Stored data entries
--- START ---
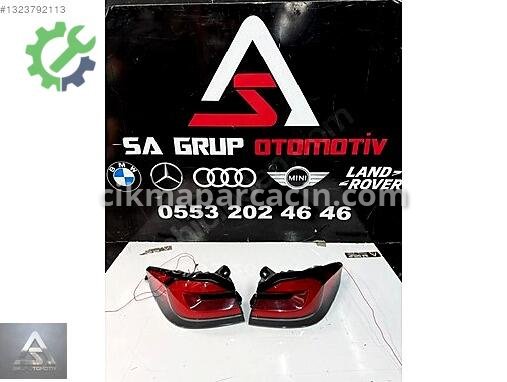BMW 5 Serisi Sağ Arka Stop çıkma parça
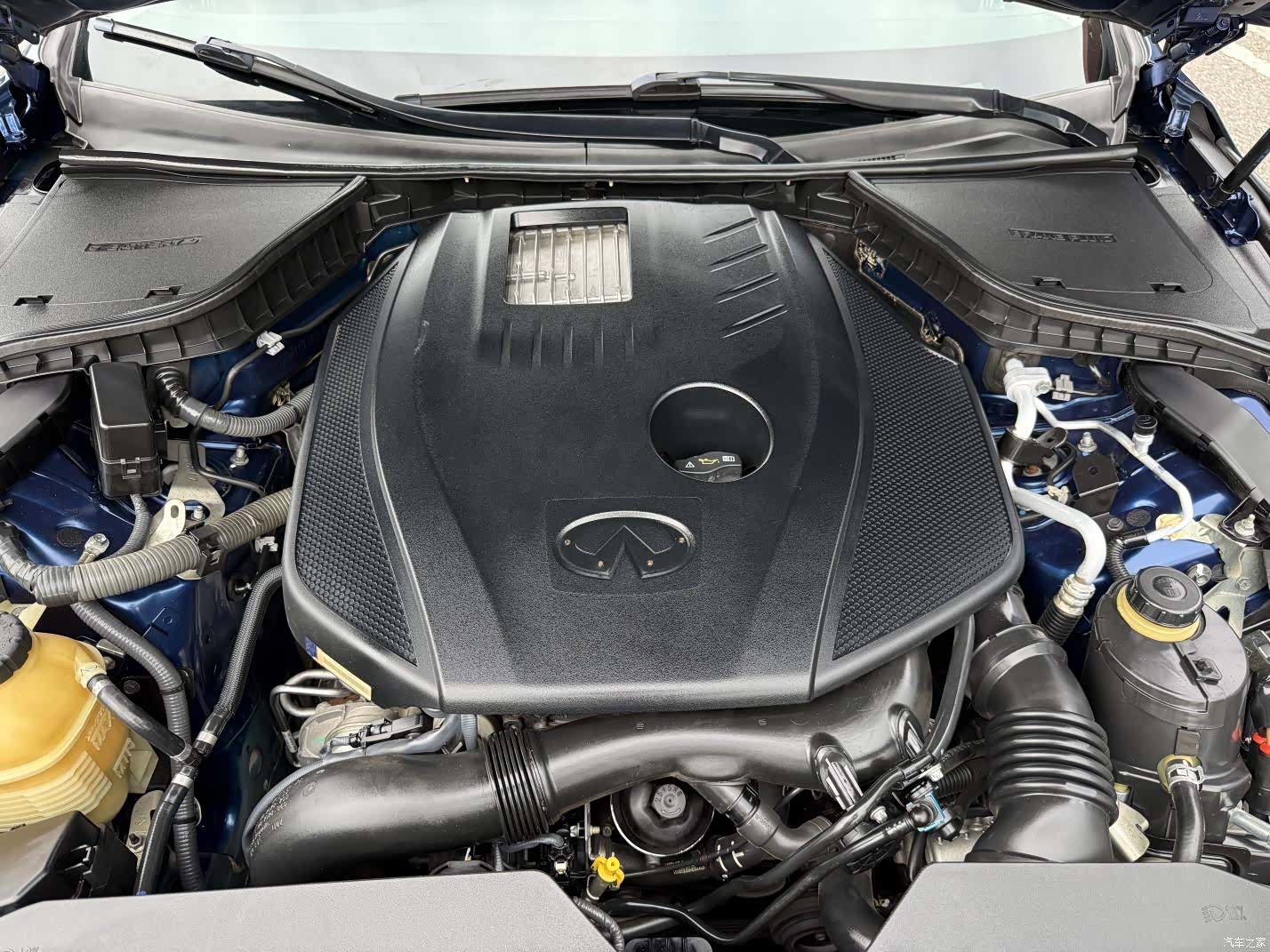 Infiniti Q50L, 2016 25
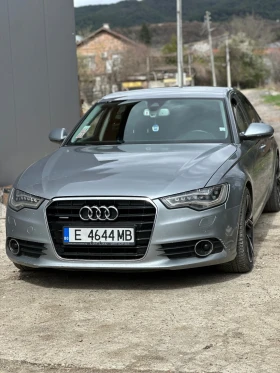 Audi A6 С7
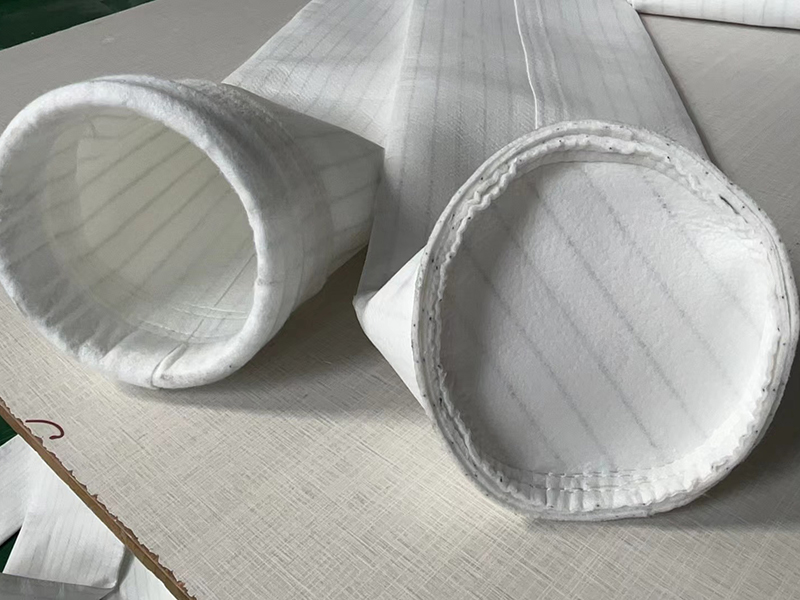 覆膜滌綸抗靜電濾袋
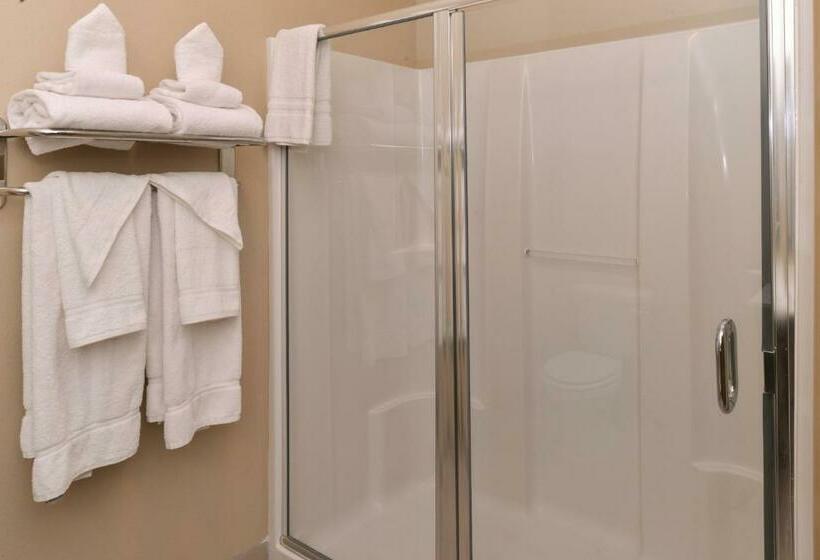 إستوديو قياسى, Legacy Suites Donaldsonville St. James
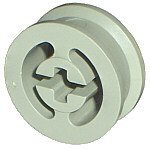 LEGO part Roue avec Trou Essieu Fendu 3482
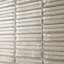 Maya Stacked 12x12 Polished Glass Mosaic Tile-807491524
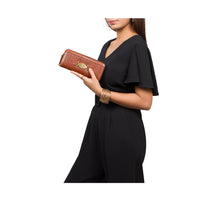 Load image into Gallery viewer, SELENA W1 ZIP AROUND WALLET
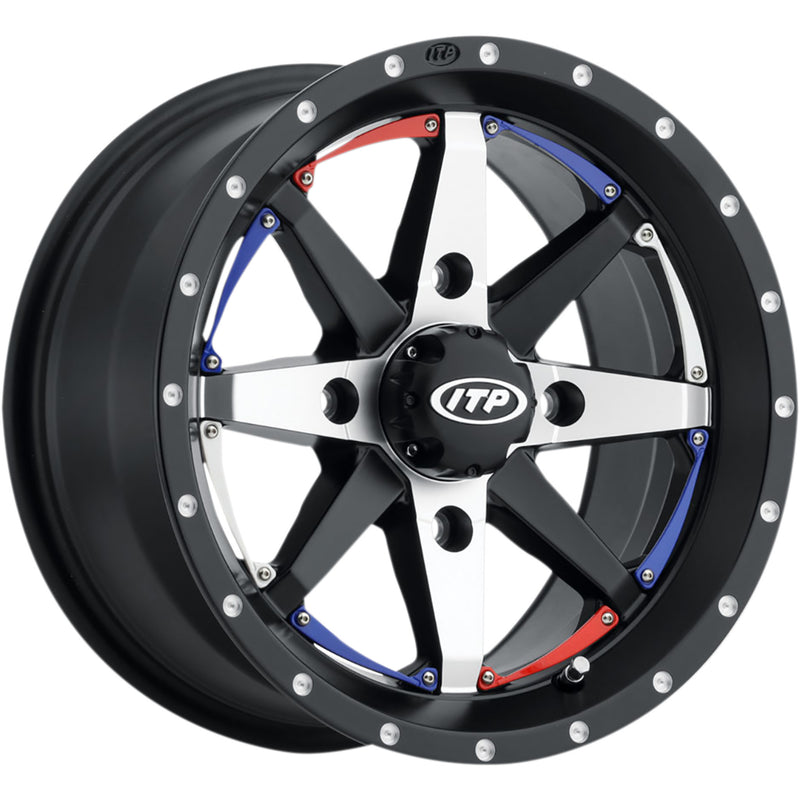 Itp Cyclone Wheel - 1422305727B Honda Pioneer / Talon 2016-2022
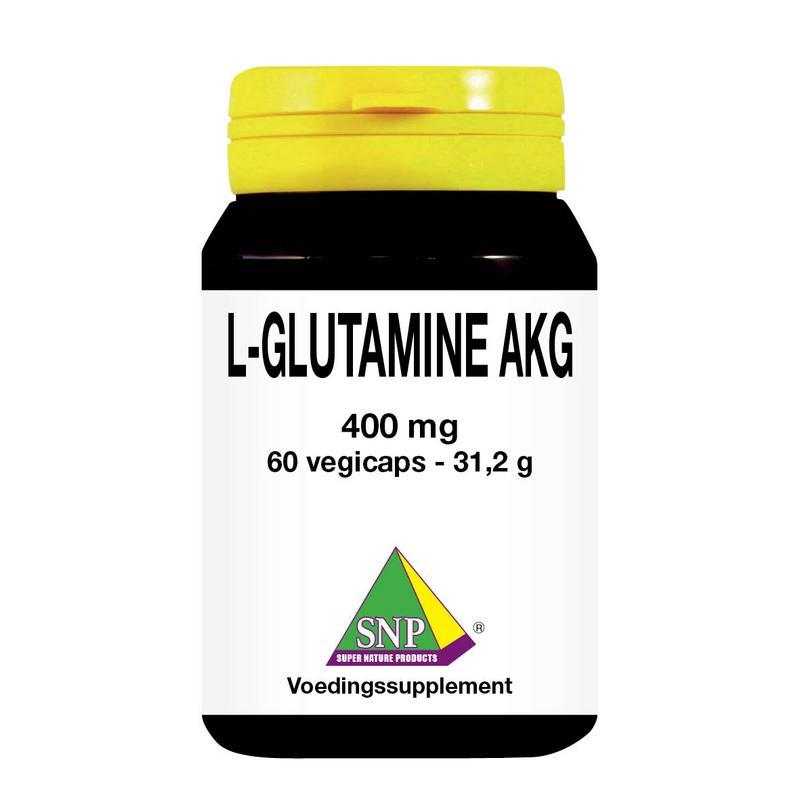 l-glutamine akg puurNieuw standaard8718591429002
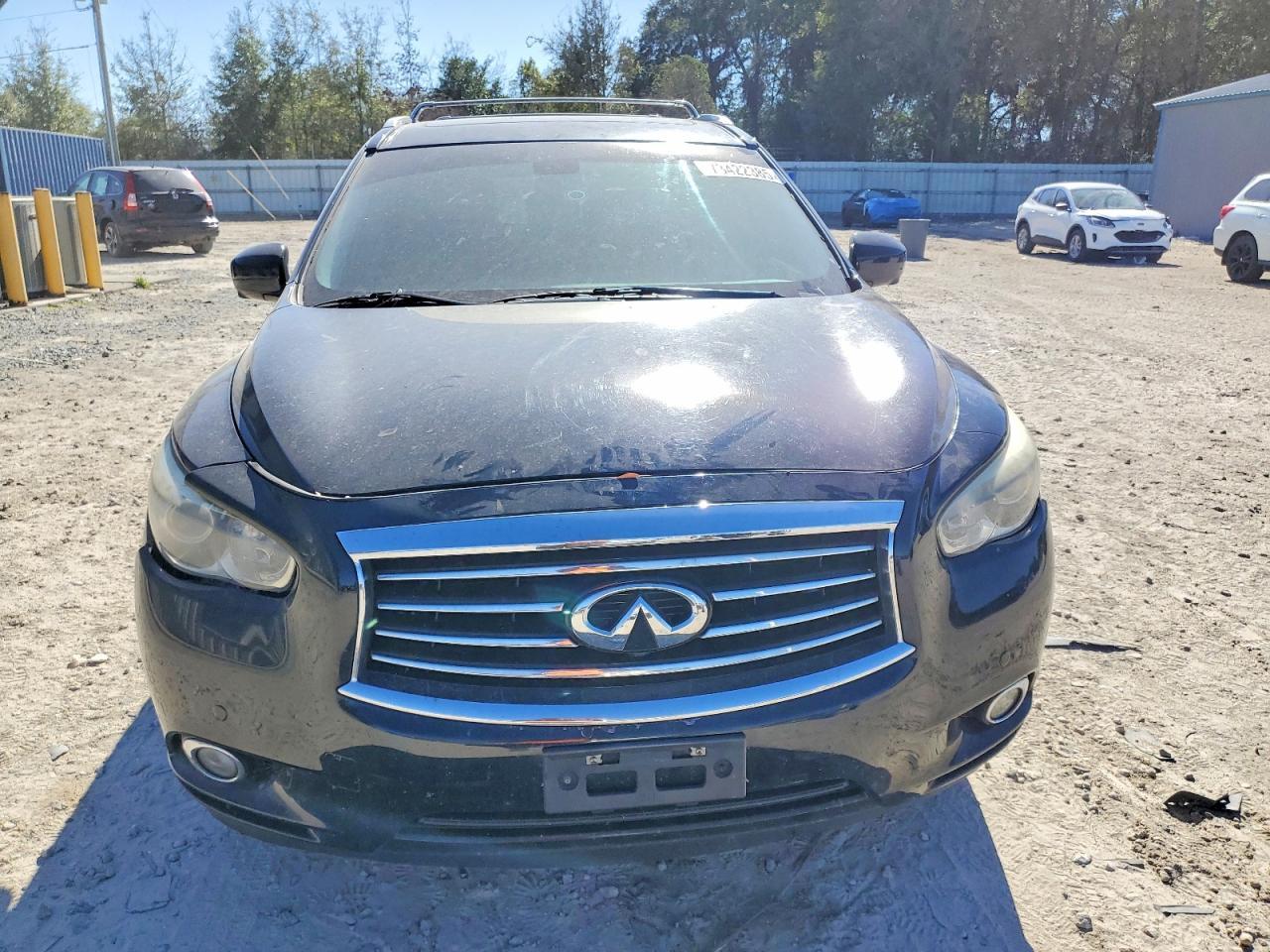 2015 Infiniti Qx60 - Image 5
--- END ---
■ **About this task**
In the records above, find the line that contains "Maya Stacked 12x12". Print it and every later line exactly, omitting the pictures.

■ **Answer for the task**
 Maya Stacked 12x12 Polished Glass Mosaic Tile-807491524
 Load image into Gallery viewer, SELENA W1 ZIP AROUND WALLET
 Itp Cyclone Wheel - 1422305727B Honda Pioneer / Talon 2016-2022
 l-glutamine akg puurNieuw standaard8718591429002
 2015 Infiniti Qx60 - Image 5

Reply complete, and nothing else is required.